───── DATASET EXCERPTS ─────
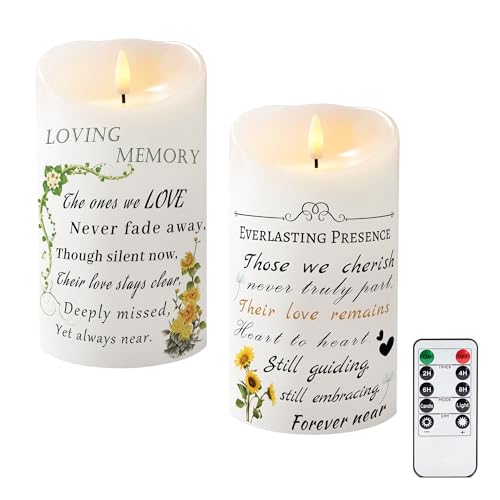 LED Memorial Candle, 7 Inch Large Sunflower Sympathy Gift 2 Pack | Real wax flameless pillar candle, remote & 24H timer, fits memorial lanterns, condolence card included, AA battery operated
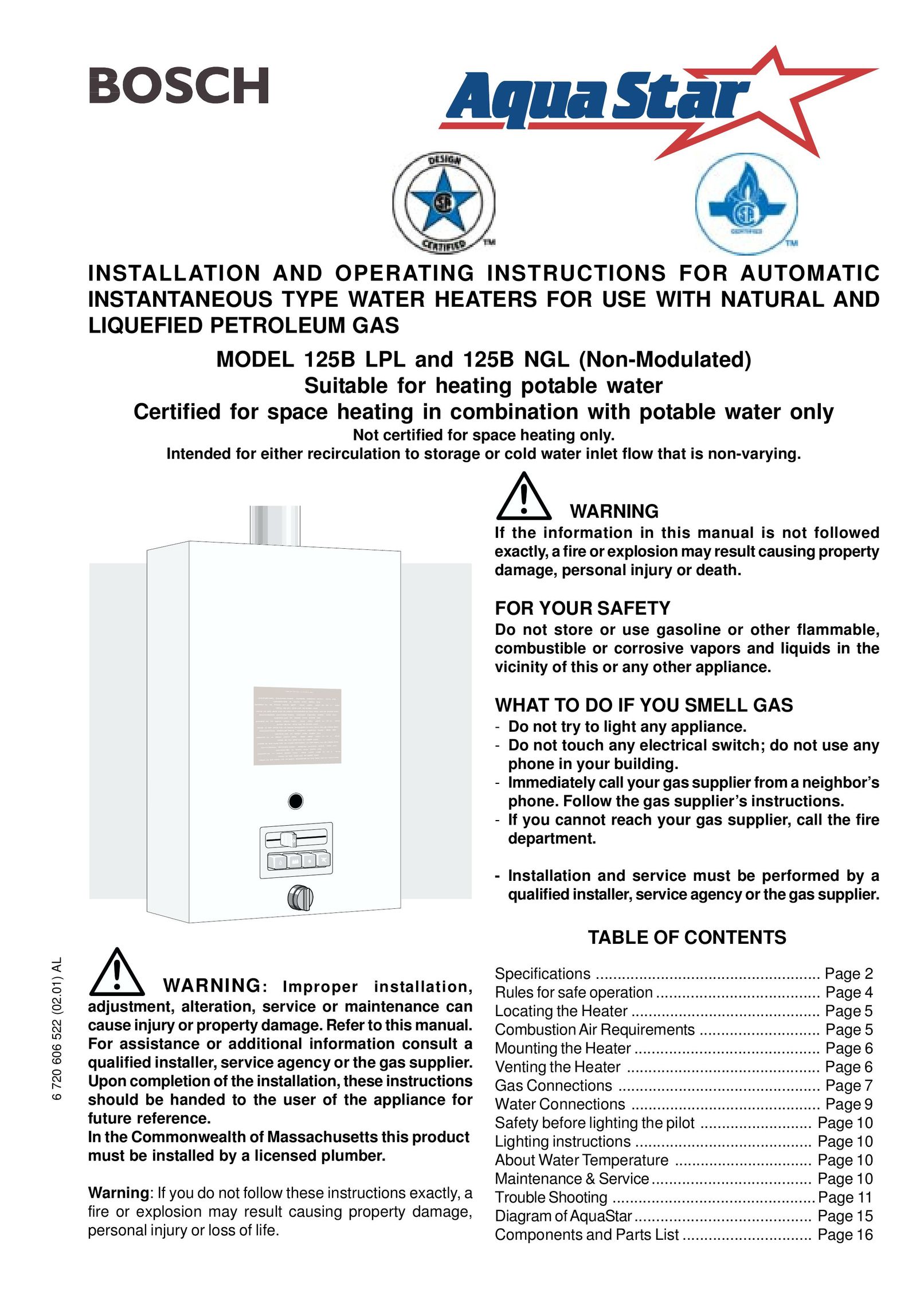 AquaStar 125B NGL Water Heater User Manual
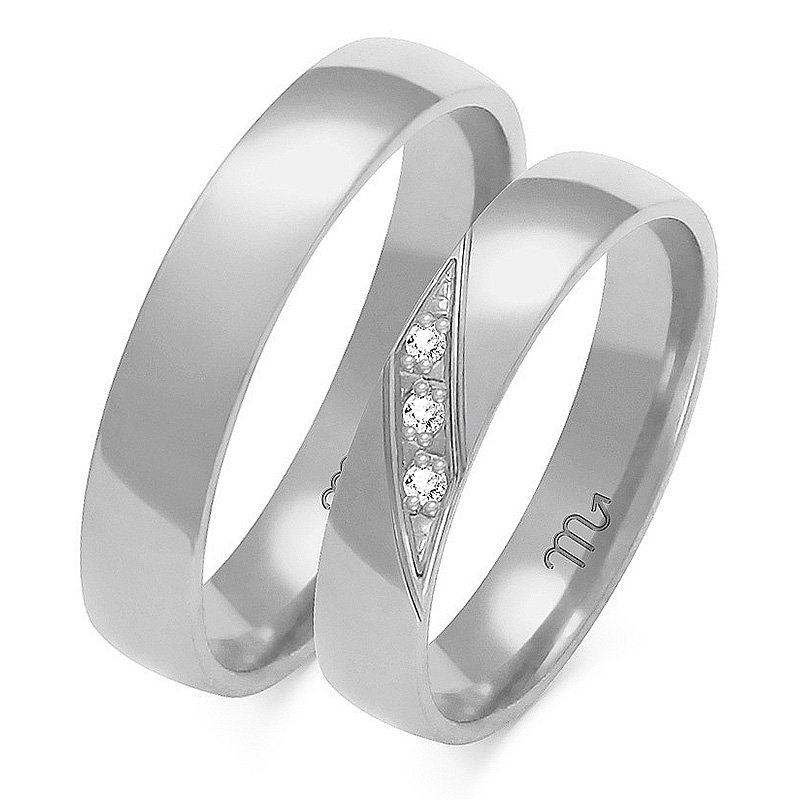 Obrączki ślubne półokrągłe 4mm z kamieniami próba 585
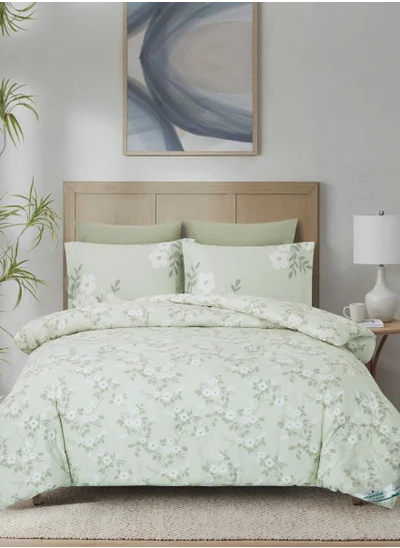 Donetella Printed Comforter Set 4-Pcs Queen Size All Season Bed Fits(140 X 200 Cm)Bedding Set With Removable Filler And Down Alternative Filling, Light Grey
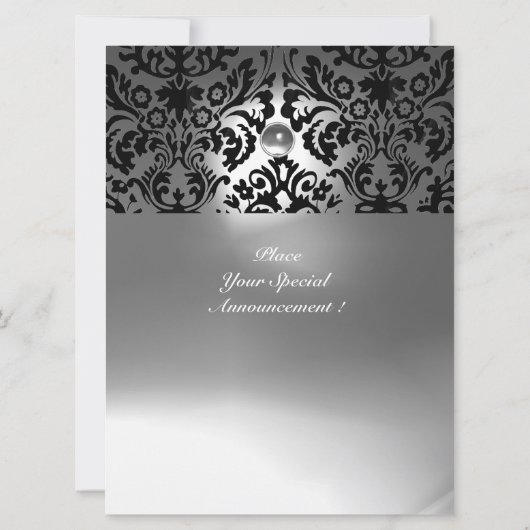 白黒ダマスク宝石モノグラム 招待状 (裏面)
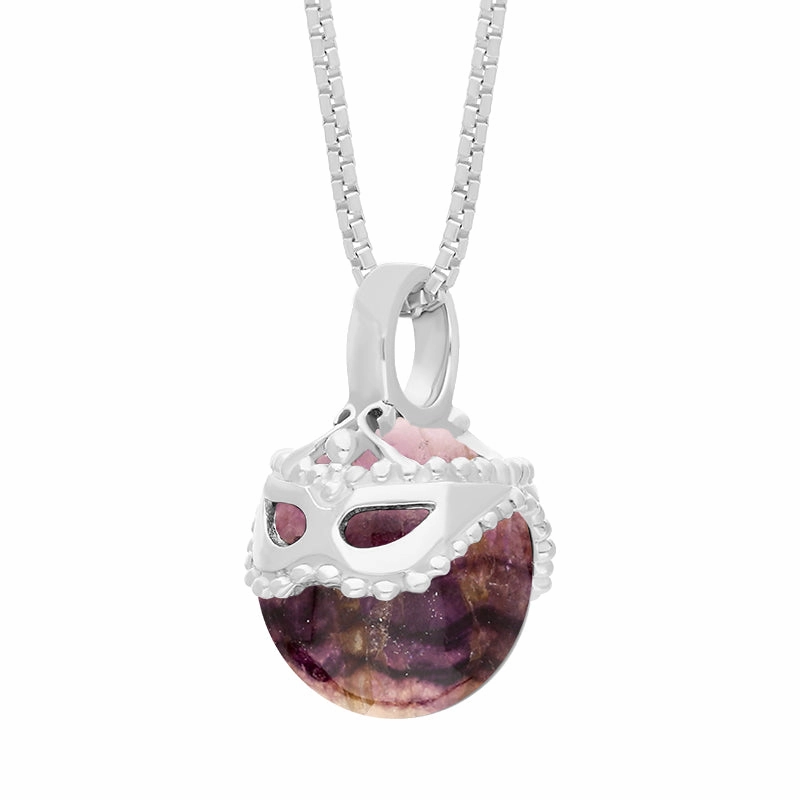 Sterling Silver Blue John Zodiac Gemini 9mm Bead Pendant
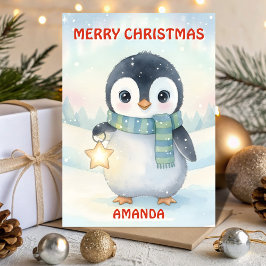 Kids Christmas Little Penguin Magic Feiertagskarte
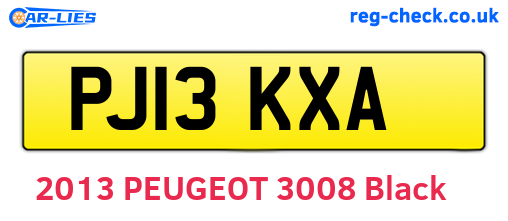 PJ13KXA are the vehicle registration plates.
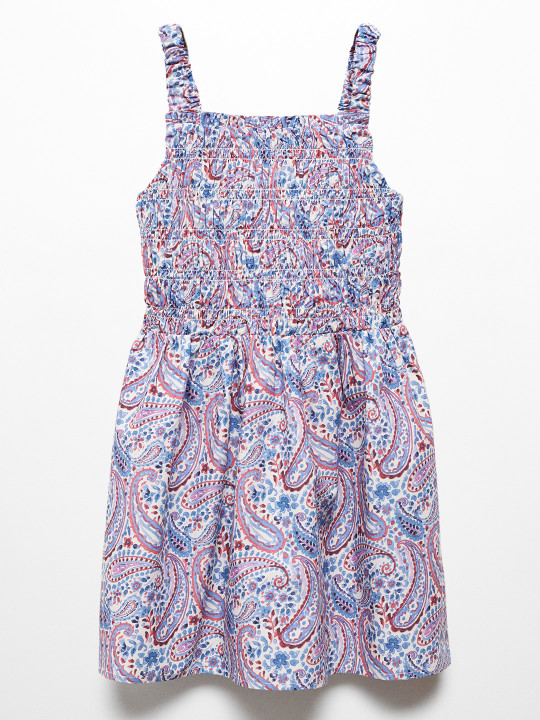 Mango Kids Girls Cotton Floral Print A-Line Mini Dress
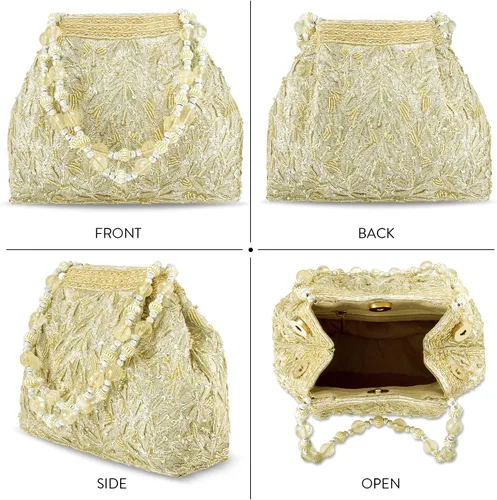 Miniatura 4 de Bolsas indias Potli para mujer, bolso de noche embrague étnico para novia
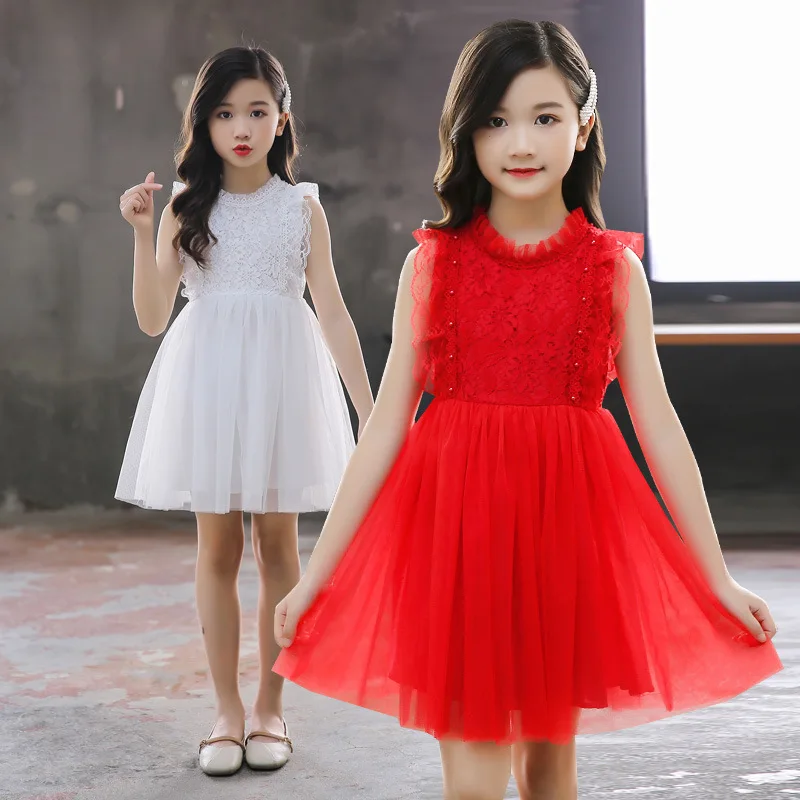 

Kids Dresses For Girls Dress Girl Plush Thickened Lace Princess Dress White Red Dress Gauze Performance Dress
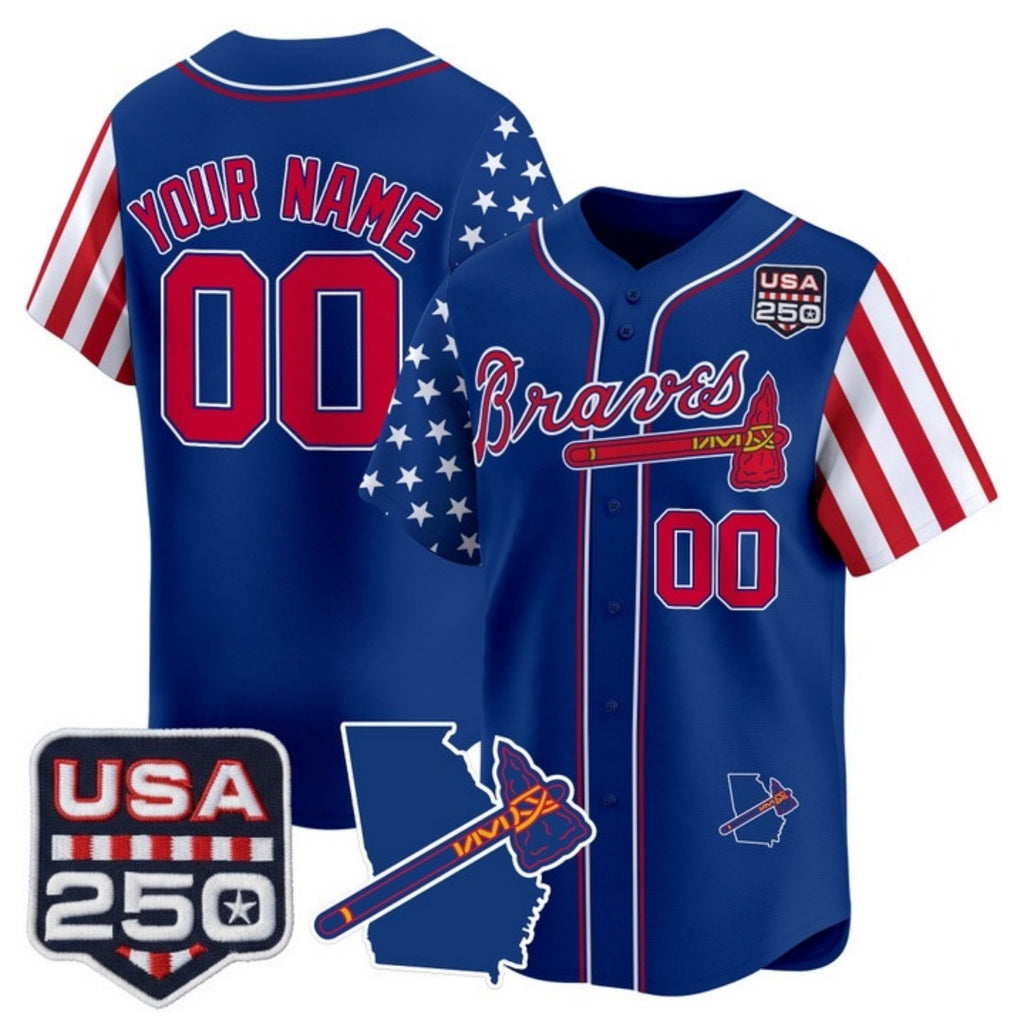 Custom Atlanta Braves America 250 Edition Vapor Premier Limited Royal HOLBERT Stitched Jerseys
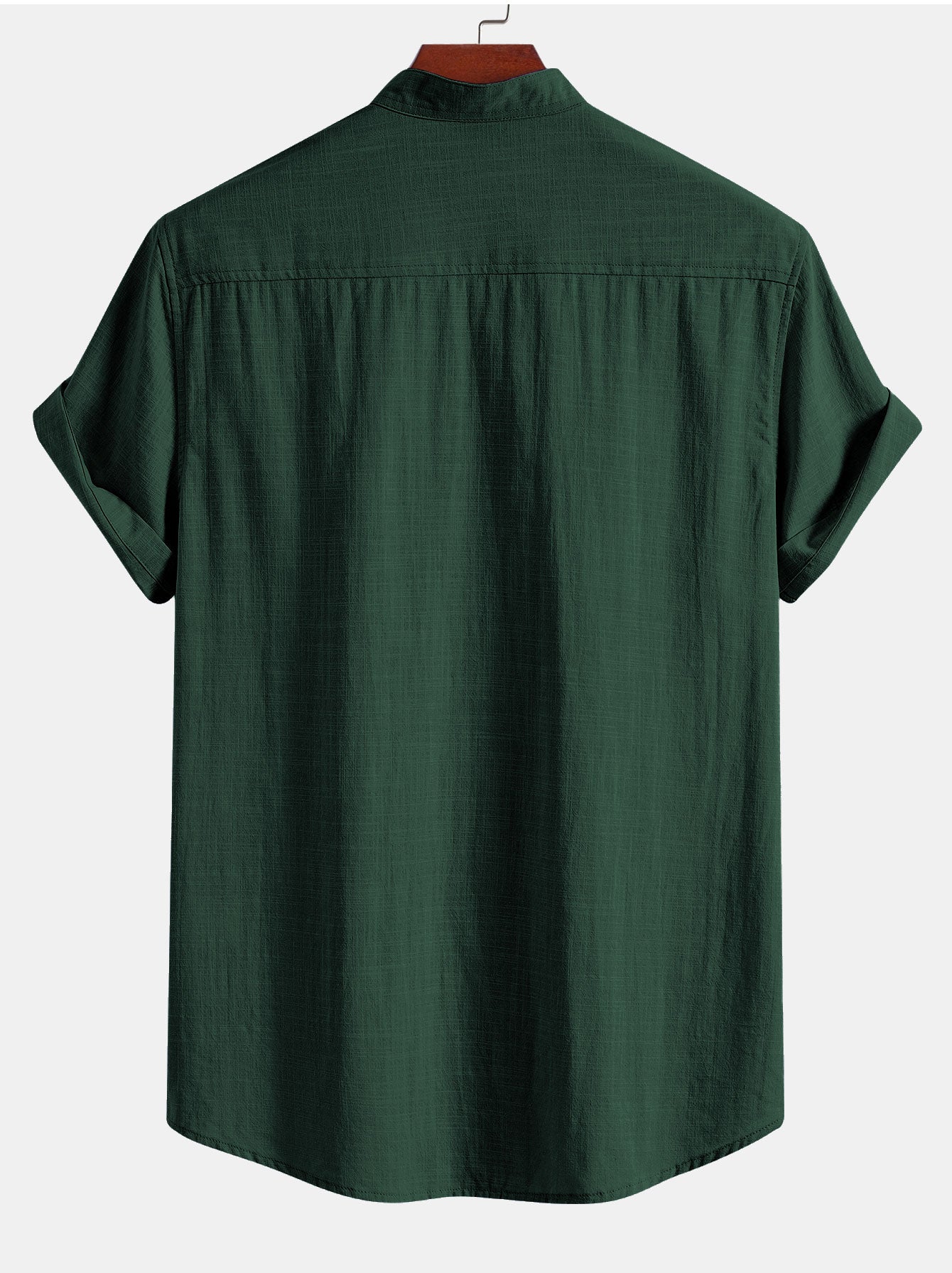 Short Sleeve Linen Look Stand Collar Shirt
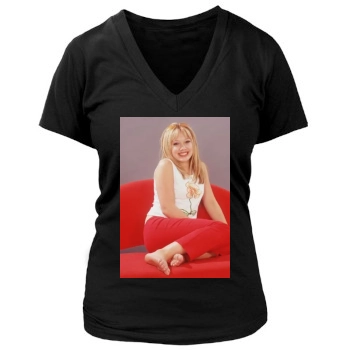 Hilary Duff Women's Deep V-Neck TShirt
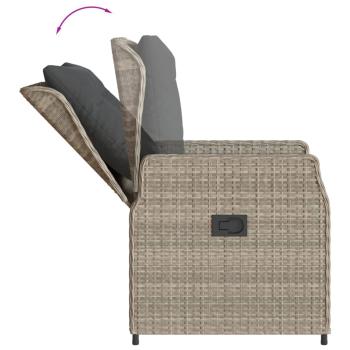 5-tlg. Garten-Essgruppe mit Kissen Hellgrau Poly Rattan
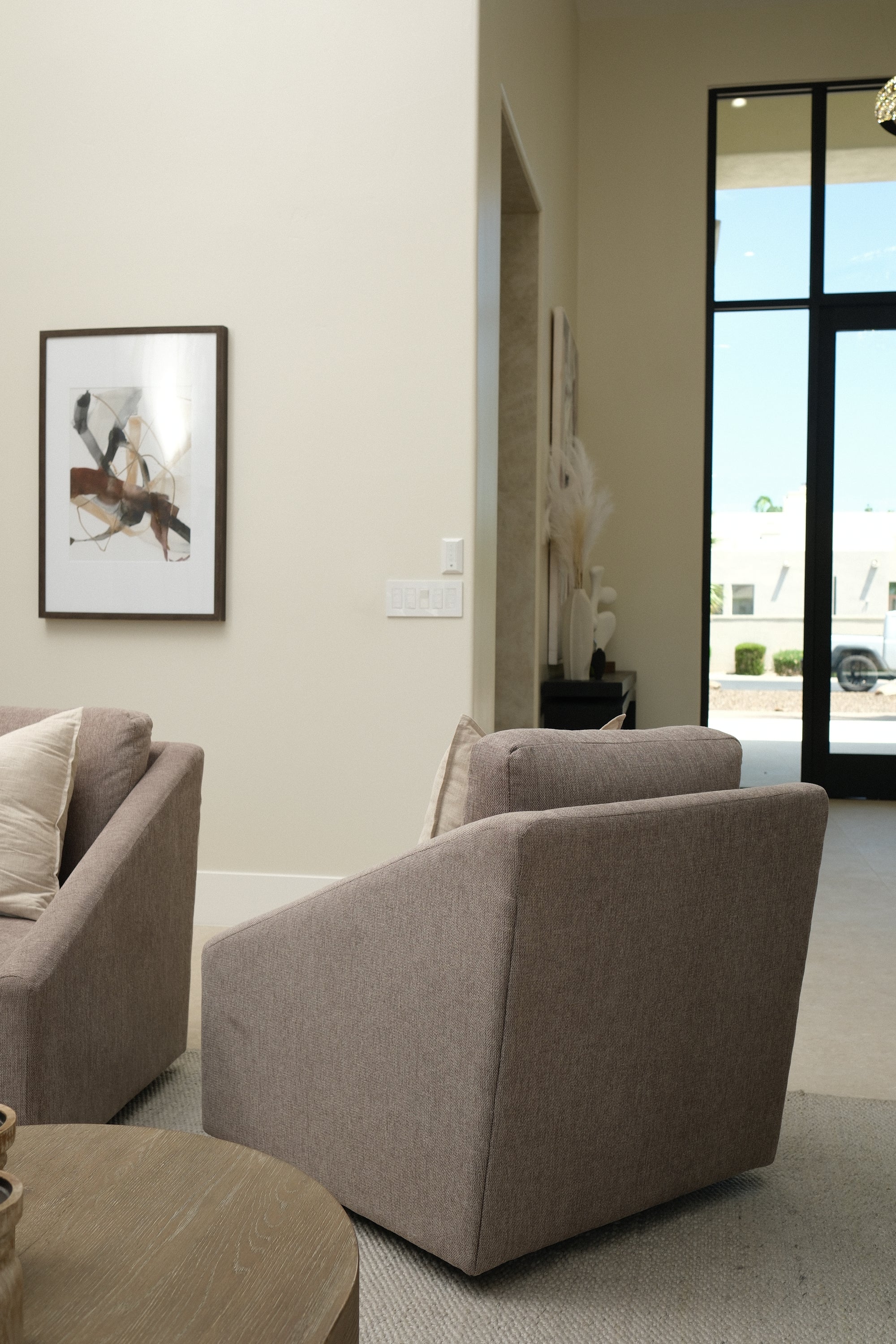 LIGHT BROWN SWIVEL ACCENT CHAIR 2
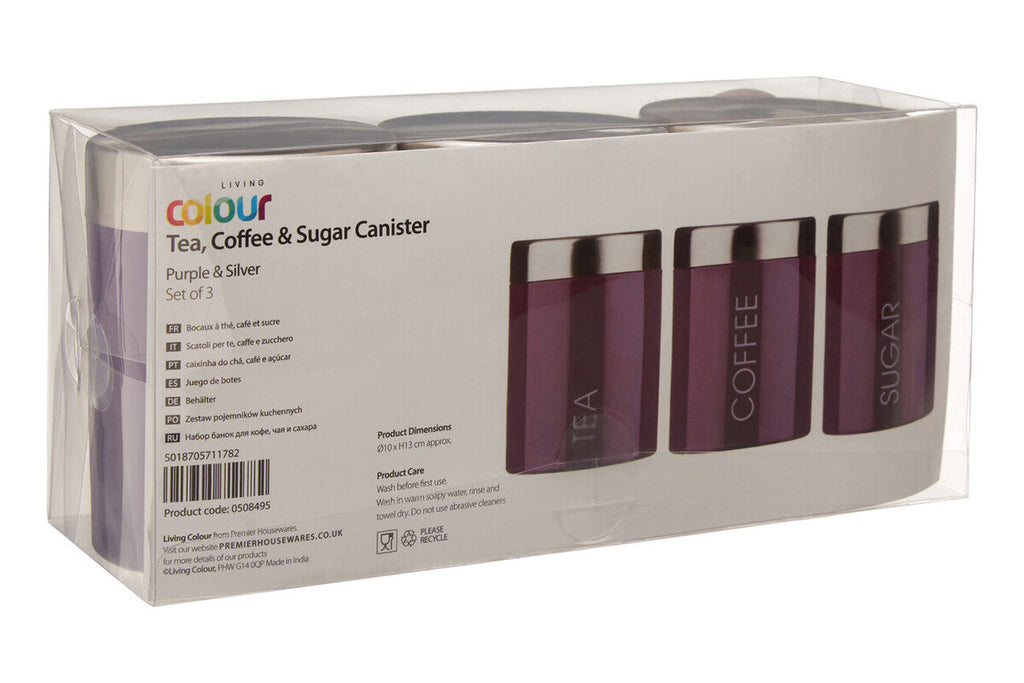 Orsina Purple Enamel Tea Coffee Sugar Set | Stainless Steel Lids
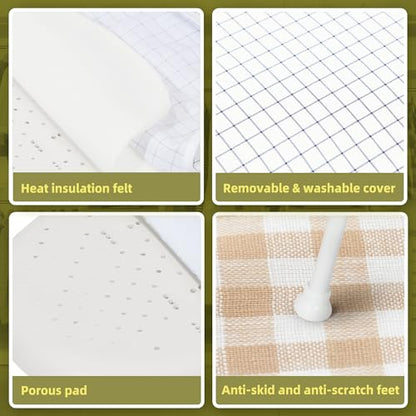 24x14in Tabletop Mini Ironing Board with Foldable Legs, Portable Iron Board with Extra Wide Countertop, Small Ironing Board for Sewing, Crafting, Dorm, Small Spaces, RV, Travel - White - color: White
─────
▸ TASK TO CARRY OUT
Write out each line again, exactly as it appears above, except for any picture.

▸ WRITTEN ANSWER
 LED Memorial Candle, 7 Inch Large Sunflower Sympathy Gift 2 Pack | Real wax flameless pillar candle, remote & 24H timer, fits memorial lanterns, condolence card included, AA battery operated
 AquaStar 125B NGL Water Heater User Manual
 Obrączki ślubne półokrągłe 4mm z kamieniami próba 585
 Donetella Printed Comforter Set 4-Pcs Queen Size All Season Bed Fits(140 X 200 Cm)Bedding Set With Removable Filler And Down Alternative Filling, Light Grey
 白黒ダマスク宝石モノグラム 招待状 (裏面)
 Sterling Silver Blue John Zodiac Gemini 9mm Bead Pendant
 Kids Christmas Little Penguin Magic Feiertagskarte
 PJ13KXA are the vehicle registration plates.
 Mango Kids Girls Cotton Floral Print A-Line Mini Dress
 Miniatura 4 de Bolsas indias Potli para mujer, bolso de noche embrague étnico para novia

Kids Dresses For Girls Dress Girl Plush Thickened Lace Princess Dress White Red Dress Gauze Performance Dress
 Custom Atlanta Braves America 250 Edition Vapor Premier Limited Royal HOLBERT Stitched Jerseys
 Short Sleeve Linen Look Stand Collar Shirt
 Hilary Duff Women's Deep V-Neck TShirt
 5-tlg. Garten-Essgruppe mit Kissen Hellgrau Poly Rattan
 LIGHT BROWN SWIVEL ACCENT CHAIR 2
 Orsina Purple Enamel Tea Coffee Sugar Set | Stainless Steel Lids
 24x14in Tabletop Mini Ironing Board with Foldable Legs, Portable Iron Board with Extra Wide Countertop, Small Ironing Board for Sewing, Crafting, Dorm, Small Spaces, RV, Travel - White - color: White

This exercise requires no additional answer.